Durante sua campanha eleitoral, a chanceler federal Angela Merkel classificara a lei como "um monstro burocrático destruidor de empregos". Em maio último, contudo, aprovava um projeto de lei quase inalterado.

Tudo à custa de concessões do SPD em outros setores, como no caso da reforma do federalismo. E assim, graças a arranjo e permutas no interior da coalizão, duas propostas importantes puderam ser salvas no último momento.
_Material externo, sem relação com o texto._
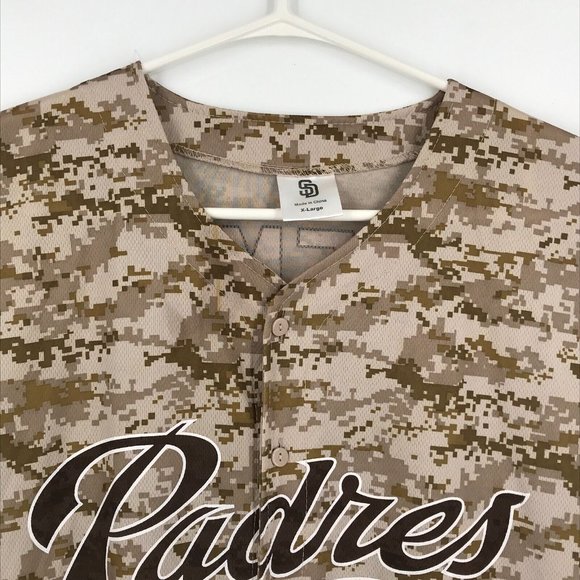 San Diego Padres Mens Shirt XL Kemp Short Sleeve Button Up Camo MLB Baseball - Picture 9 of 15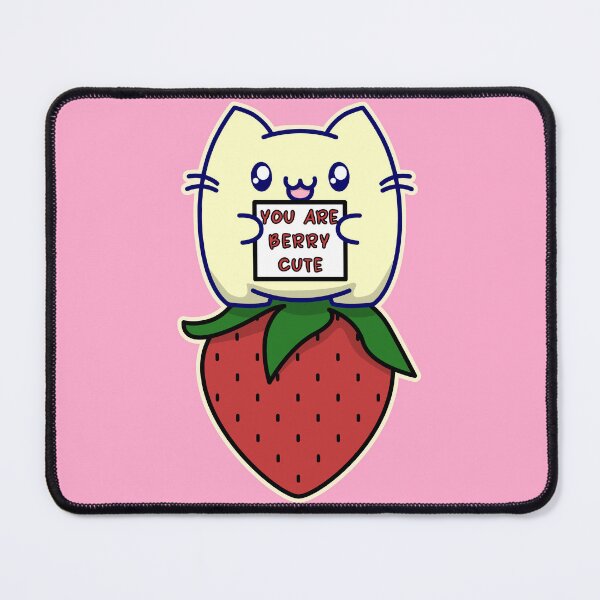 Item preview, You Are Berry Cute Chineko Cat on a Strawberry designed and sold by ChinekoCat.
O que não significa que se superou a má vontade na base dos dois partidos, CDU e SPD.

Alemanha a um passo da maracutaia

Um efeito dessa nova forma de resolver os impasses numa coalizão tão desigual é certamente a agilidade: nos últimos dias antes de seu recesso de verão, o Bundestag aprovou um bojudo pacote de leis controversas, parte das quais com pesadas conseqüências para o bolso dos contribuintes. Tudo isso em plena Copa do Mundo, e de preferência nos dias dos jogos da seleção nacional.

Tal feito seria impensável há alguns anos, mesmo em constelações políticas mais harmônicas, muito menos de forma tão declarada. Embora ainda tentando guardar as aparências, pouco a pouco a Alemanha parece estar aprendendo o caminho do jeitinho.

Será que o toma-lá-dá-cá irá definitivamente tomar o lugar dessa tradição germânica dos debates políticos – por vezes intermináveis, porém abrangentes e profundos?